March 18, 2014
Tax aspects of Obamacare implementation: businesses and headcount
It’s been awhile since we devoted a post on this blog to tax issues relating to implementation of the Affordable Care Act (ACA, also known on Obamacare).
As we noted in our December 17 post last year, the IRS is deeply involved in this implementation. This involvement goes well beyond imposing tax penalties on people who do not comply with the individual mandate to buy health insurance.
The IRS is also intimately involved in such Obamacare aspects as tax credits for small businesses to help them provide affordable insurance policies to their employees. The IRS is also responsible for assessing penalties on businesses that do not meet their ACA obligations.

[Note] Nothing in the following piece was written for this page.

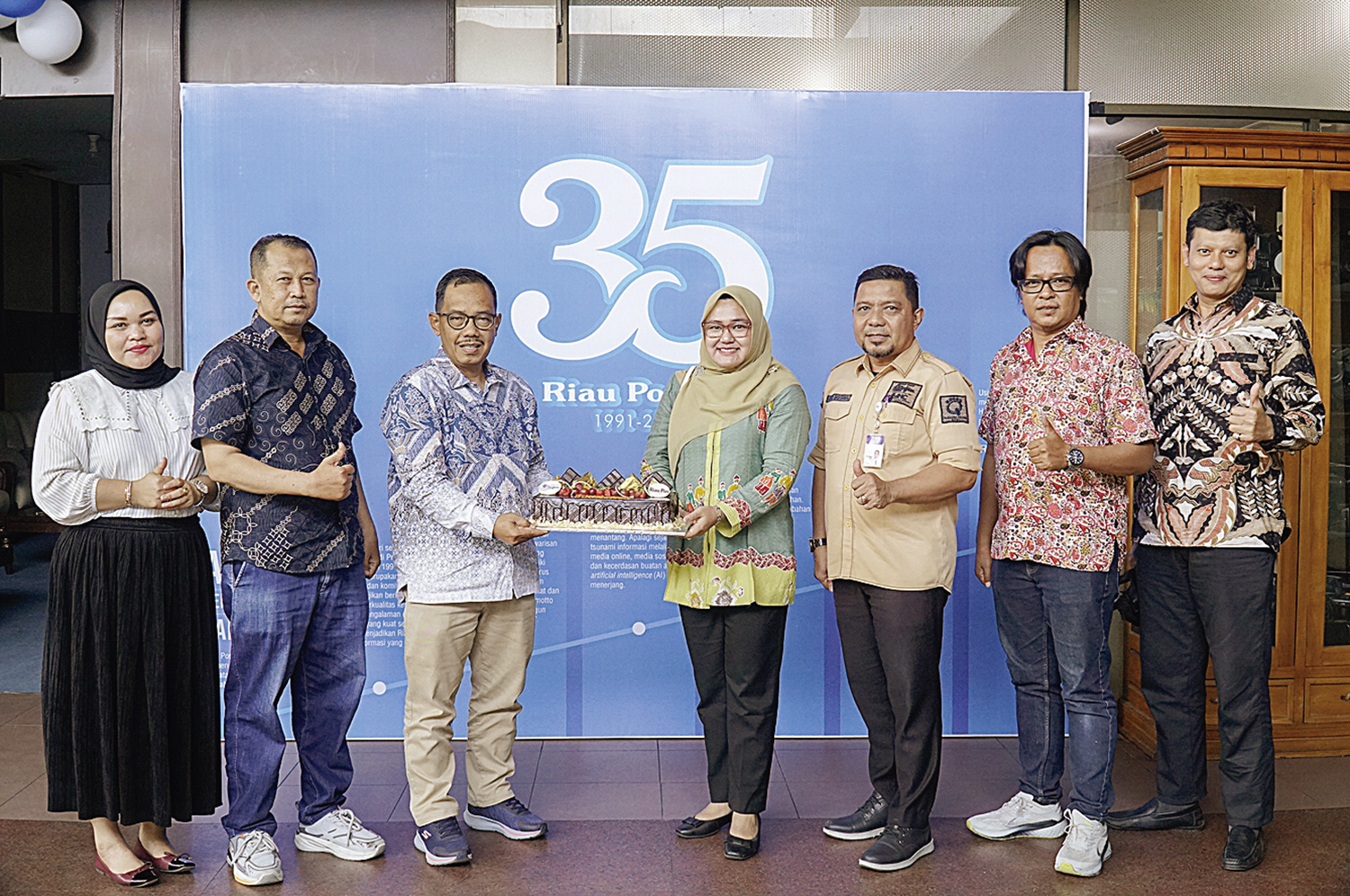 Direktur Riau Pos Asmawi Ibrahim menerima potongan tumpeng yang diserahkan langsung oleh Direktur Rs Syafira dr Rina Alfiani turut serta Direktur Riau Pos Firman Agus (Dua Kanan) saat Rs Syafira berkunjung ke Riau Pos, sempena Hut 35 tahun Riau Pos, Pekan
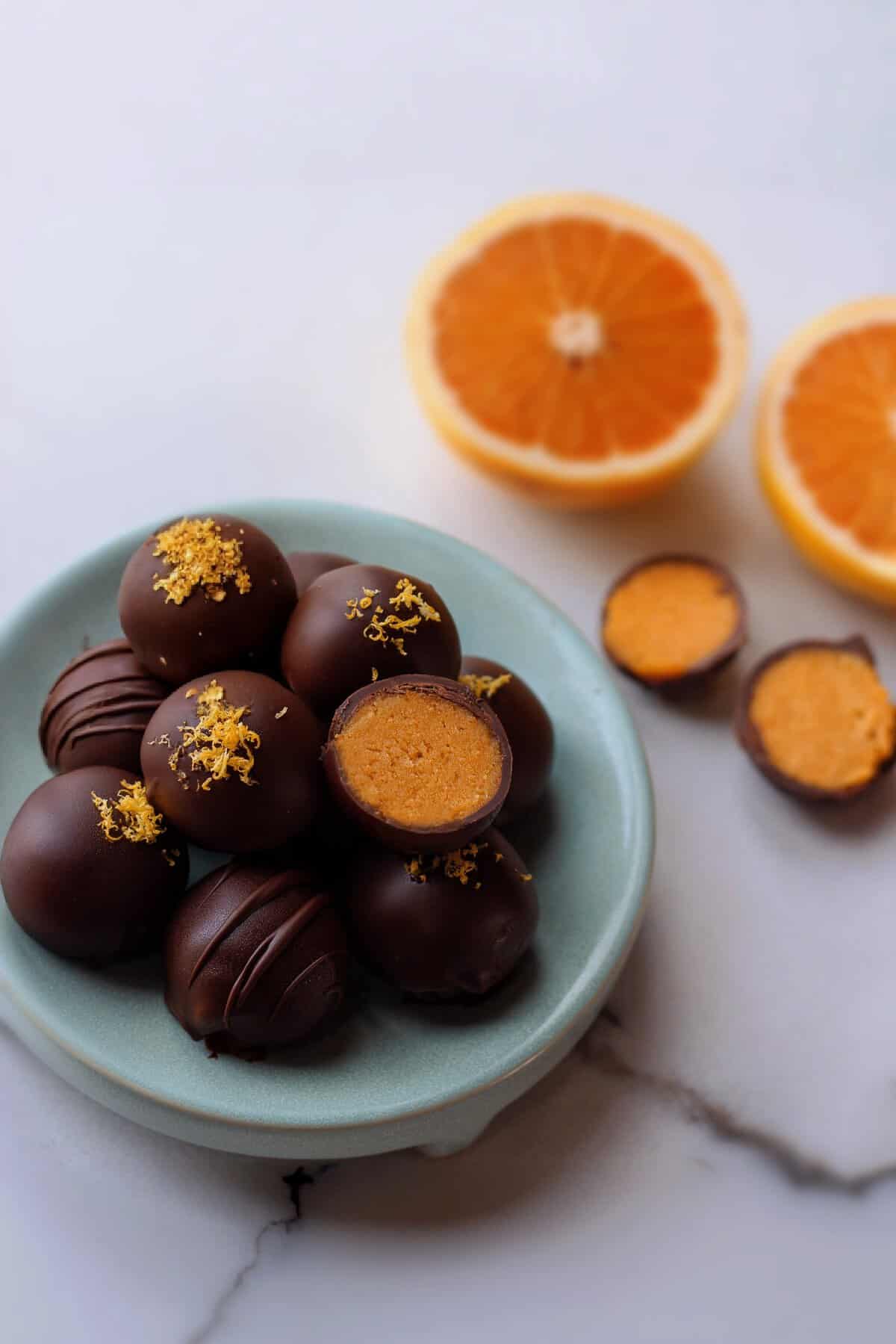 eine schale mit Orangen Pralinen mit dunkler Schokolade überzogen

In this post, let’s look at how the IRS is now scrutinizing employer decisions to cut the size of their staff because such decisions could conceivably be motivated by an intention to avoid ACA requirements
Last month, the IRS issued regulations regarding the obligations of businesses with fewer than 100 employees. Businesses of this size will have until 2016 before they are subject to possible tax penalties for failing to provide affordable health care options to their employees.
The ACA had originally called for businesses with more than 50 employees to be required to provide affordable care options beginning this year. The Obama administration has expanded the employee threshold to 100 temporarily, however, and delayed its implementation until 2016.
But the IRS is not folding its ACA-enforcement tent. Under federal regulations, the IRS has asserted the authority to review workforce reductions that put an employer’s headcount below 100. For some employers, this could add to their business tax compliance concerns.